What the exercise asks => In the listing below, find the line with "Full Size Air" and the line with "画像2: axes femme", then return them and every line between them exactly, minus the pictures.

Extracted material =>
☆ ☆ ☆ ☆ ☆

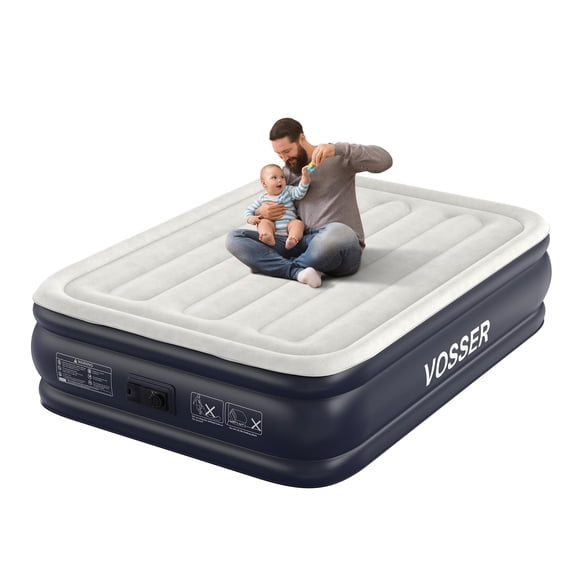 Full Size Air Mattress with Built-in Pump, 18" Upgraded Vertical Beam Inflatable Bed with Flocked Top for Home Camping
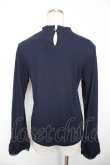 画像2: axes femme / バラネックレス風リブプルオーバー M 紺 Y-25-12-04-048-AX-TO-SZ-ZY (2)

☆ ☆ ☆ ☆ ☆

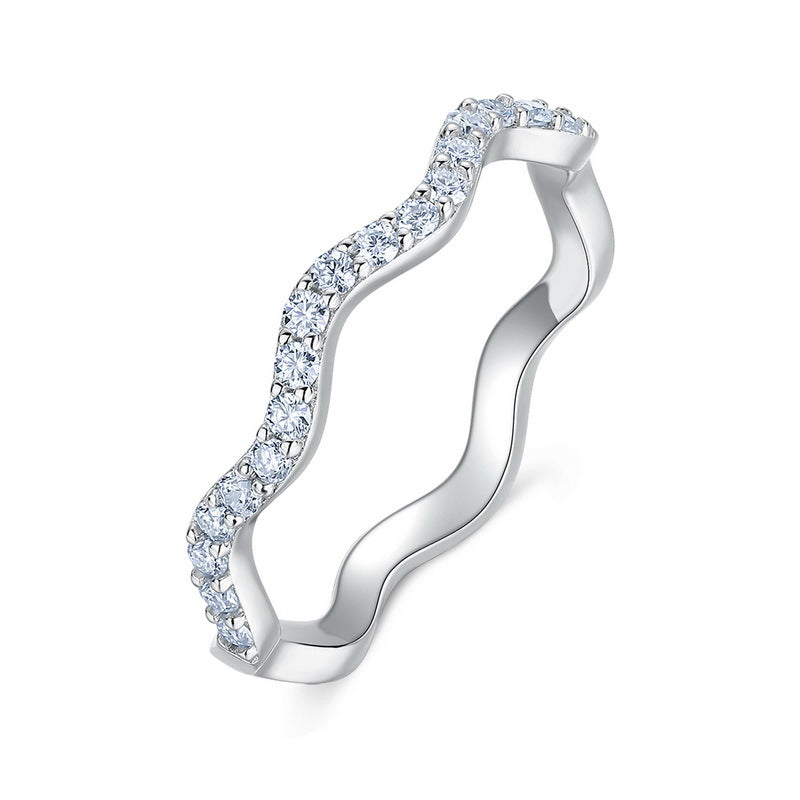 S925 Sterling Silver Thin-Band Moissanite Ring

☆ ☆ ☆ ☆ ☆

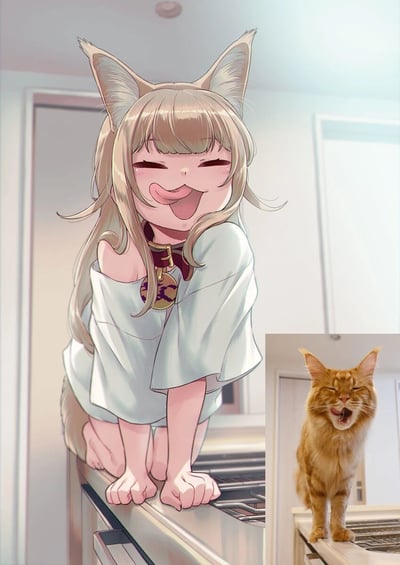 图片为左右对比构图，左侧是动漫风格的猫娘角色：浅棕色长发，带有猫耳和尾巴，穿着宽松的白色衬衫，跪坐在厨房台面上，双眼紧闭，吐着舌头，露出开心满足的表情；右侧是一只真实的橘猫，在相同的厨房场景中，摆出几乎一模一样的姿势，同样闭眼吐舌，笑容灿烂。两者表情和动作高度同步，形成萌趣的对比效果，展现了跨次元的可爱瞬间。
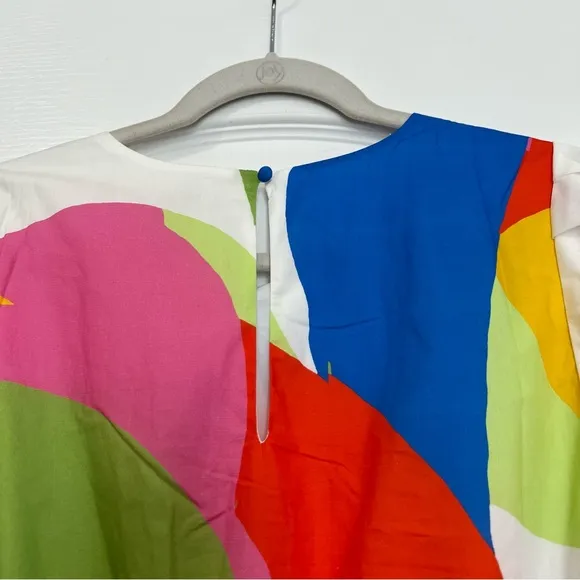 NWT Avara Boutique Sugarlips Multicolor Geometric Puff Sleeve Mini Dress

☆ ☆ ☆ ☆ ☆

Reply to the task =>
 Full Size Air Mattress with Built-in Pump, 18" Upgraded Vertical Beam Inflatable Bed with Flocked Top for Home Camping
 画像2: axes femme / バラネックレス風リブプルオーバー M 紺 Y-25-12-04-048-AX-TO-SZ-ZY (2)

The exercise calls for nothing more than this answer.